▶ **Your goal**
In the records below, find the line with "Ideally, the needle", then retype it and every following line exactly, stopping after the line with "To quickly check". Leave the pictures out.

▶ **Material provided**
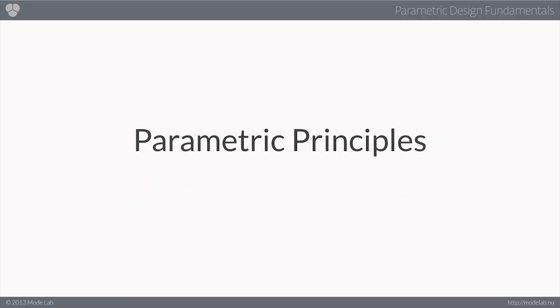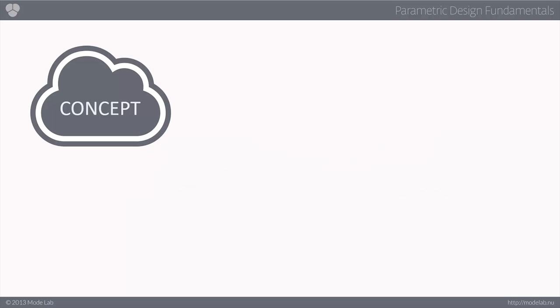So then how do you actually implement these principles of parametric design in your own creative work? Well, let's say that you have a concept you're working on, something like this.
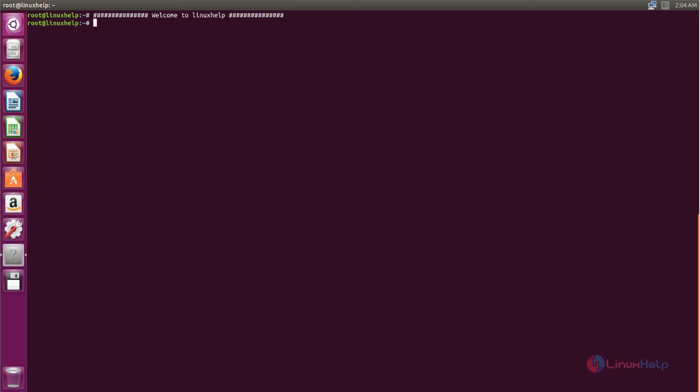Now I will show you how to install Windows 10 themes and icons on Ubuntu. Let's install the Windows 10 theme first. You need to add the repository for Windows 10 themes, so run the following command.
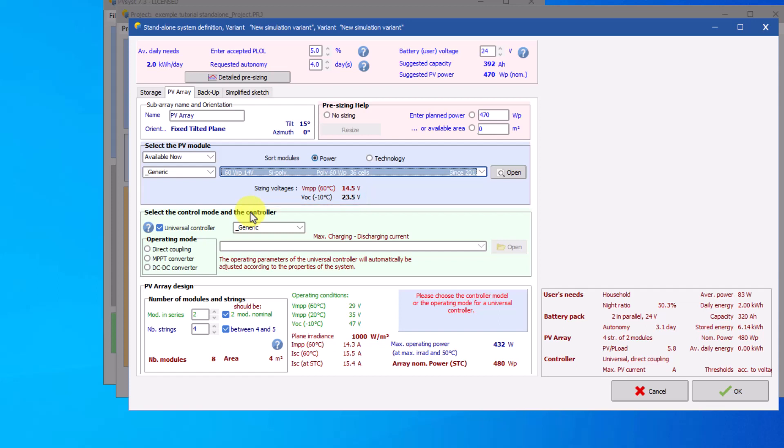PVSys provides a list of controllers to choose from. To avoid being blocked, you can use the universal controller that adapts to your choice of configuration. Click on the universal controller.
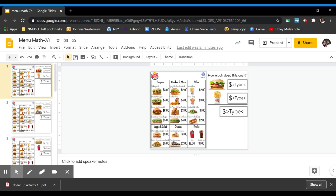Hi guys, so this is your activity that I posted on Google Classroom for you today. It's menu math like we practiced on Zoom together.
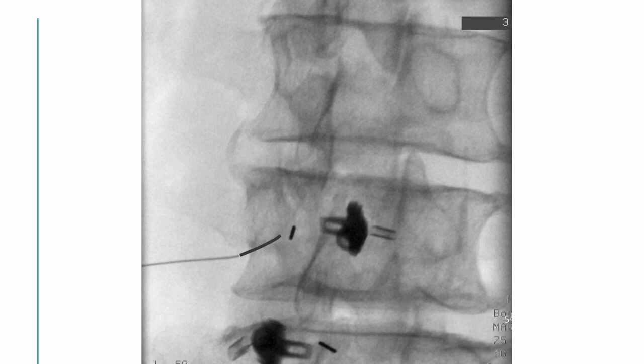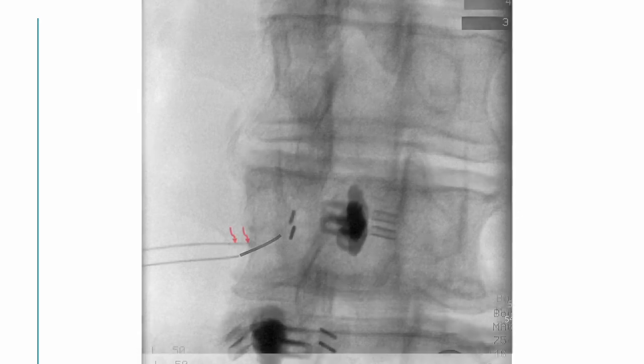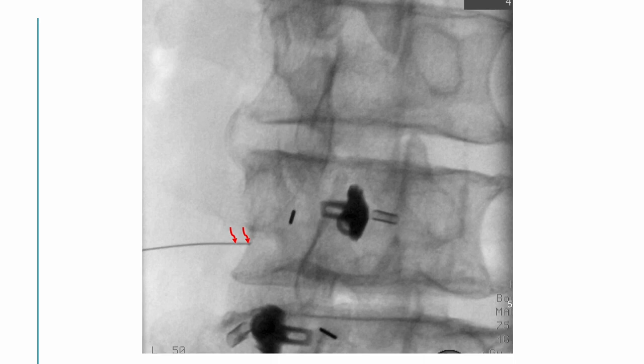Ideally, the needle should move there, but the needle bounced another way due to an unexpected bony structure. This happens frequently. Sometimes the imaging is not enough to visualize the thin bony structure. At that time, I must reset the realistic target and proceed with the process.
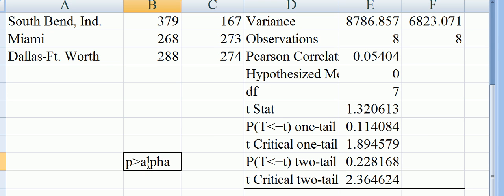Which means that we would have to fail to reject the null hypothesis. Remember, the null hypothesis was that the difference between them was zero. Therefore, we cannot say that there is any difference in the costs. Thank you.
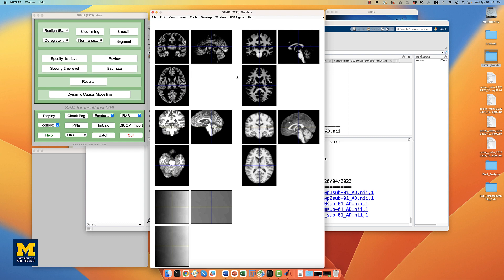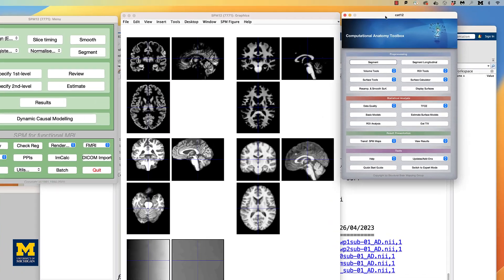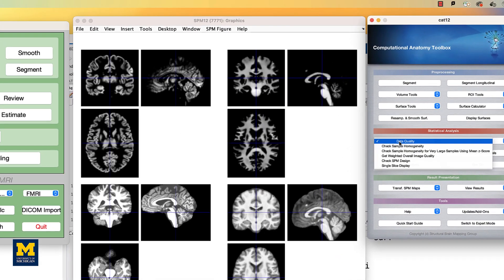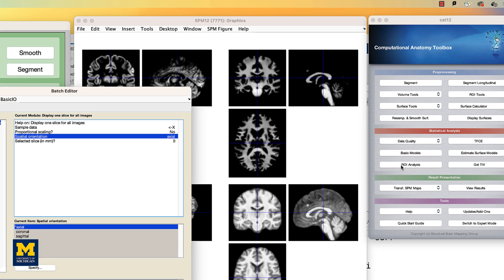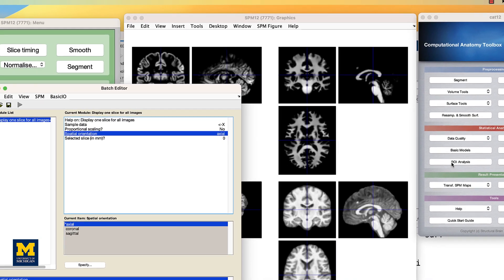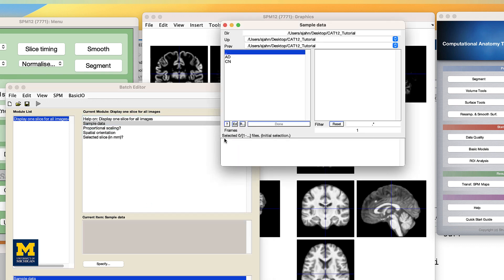To quickly check whether the normalization was successful for all the images, from the CAT12 GUI, we're going to click on the data quality drop-down menu, and select single slice display. This will open a new batch editor window, from which you can select all of the images, starting with MWP1, or the gray matter segmentation images.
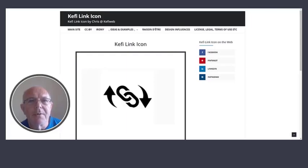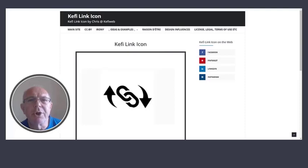It's designed to be a combination of the link symbol that we are all familiar with, and then wrapping it around with a couple of arrows. The idea is to denote that there's a relationship between two items or more items.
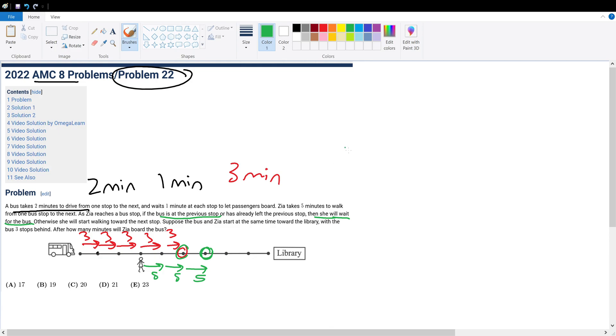And she will board the bus when the bus reaches her. So the bus will reach her in two minutes because it takes the bus two minutes to drive from one station to another. So 15 plus 2 is 17, or answer choice B.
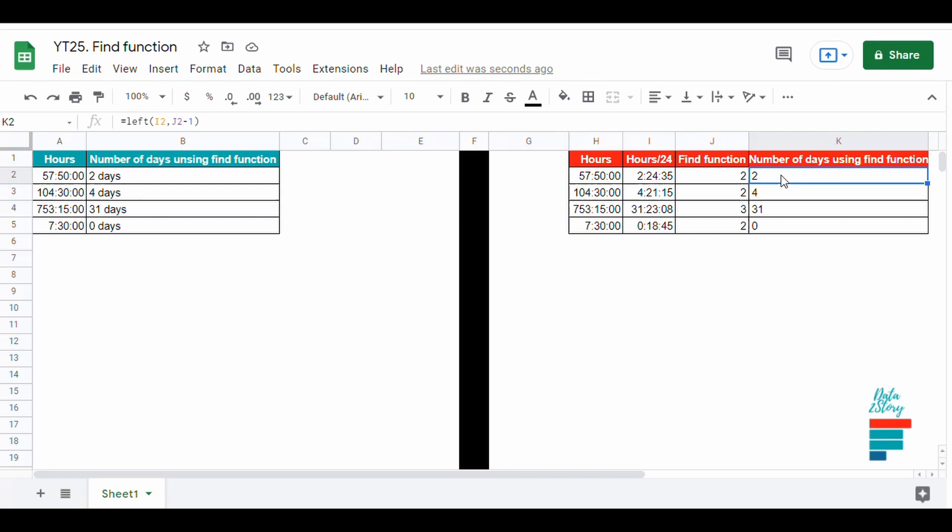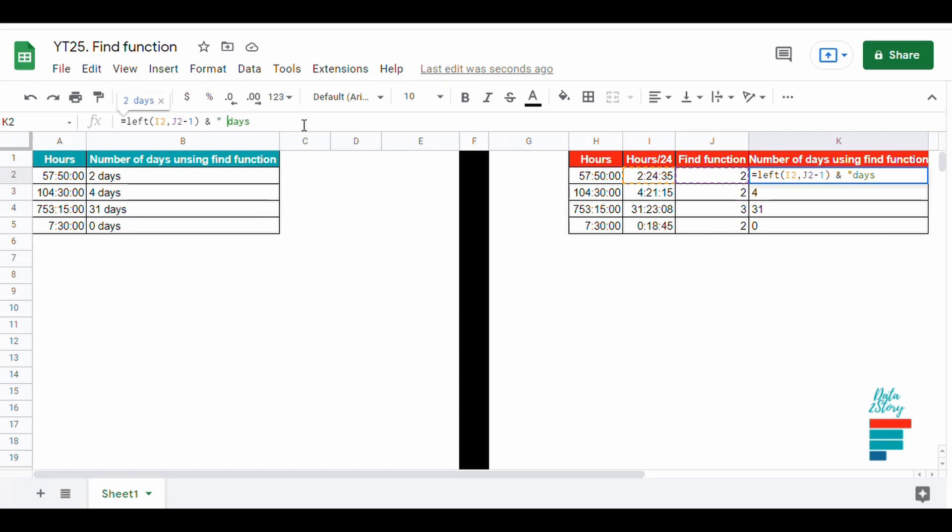So basically the FIND function returns the position of the character that we are looking for. In our case it's the colon, and for the first example the colon is in the second position starting from the left. To have the number of days we use the LEFT function to get the number before the colon, in this case it's only one character.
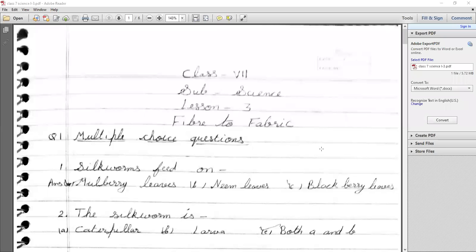Good morning class. In today's class I'm going to start Chapter Number 3: Fiber to Fabric.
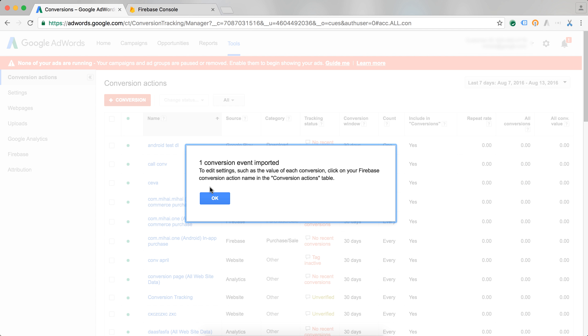And there you go. That's how you link Firebase Analytics and Google AdWords.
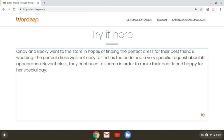All right, that sounds great to me. It looks like Wardeep did a fantastic job and now I'm ready to take my text and put it wherever it's needed.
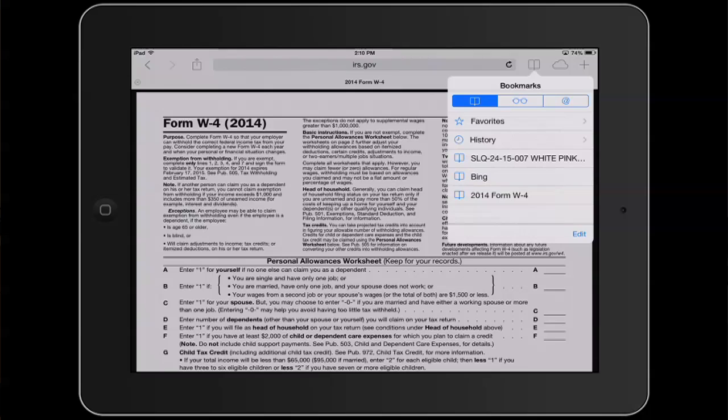Hi, I'm Patrick Cole, and I'm here today to talk about deleting information on your iPad. You may need to delete some information on your iPad to create space, or there may just be something on there that you don't want to have anymore.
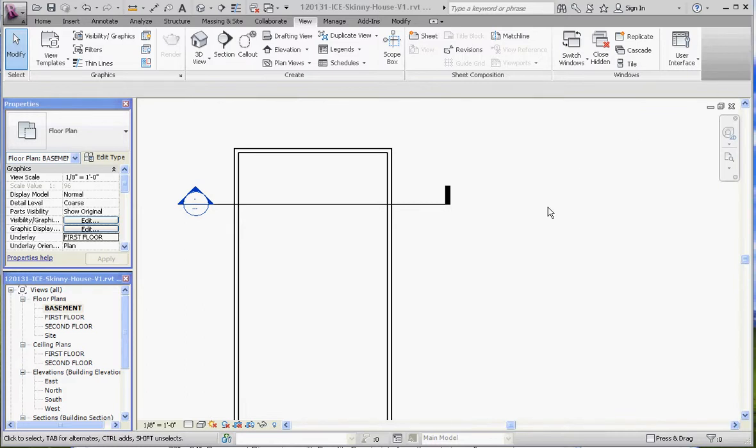Hello, thank you for joining me. This is our fifth video on this series on how to create a simple basement in a Revit model, a Revit residential home model.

▶ **Answer below**
Ideally, the needle should move there, but the needle bounced another way due to an unexpected bony structure. This happens frequently. Sometimes the imaging is not enough to visualize the thin bony structure. At that time, I must reset the realistic target and proceed with the process.
Which means that we would have to fail to reject the null hypothesis. Remember, the null hypothesis was that the difference between them was zero. Therefore, we cannot say that there is any difference in the costs. Thank you.
To quickly check whether the normalization was successful for all the images, from the CAT12 GUI, we're going to click on the data quality drop-down menu, and select single slice display. This will open a new batch editor window, from which you can select all of the images, starting with MWP1, or the gray matter segmentation images.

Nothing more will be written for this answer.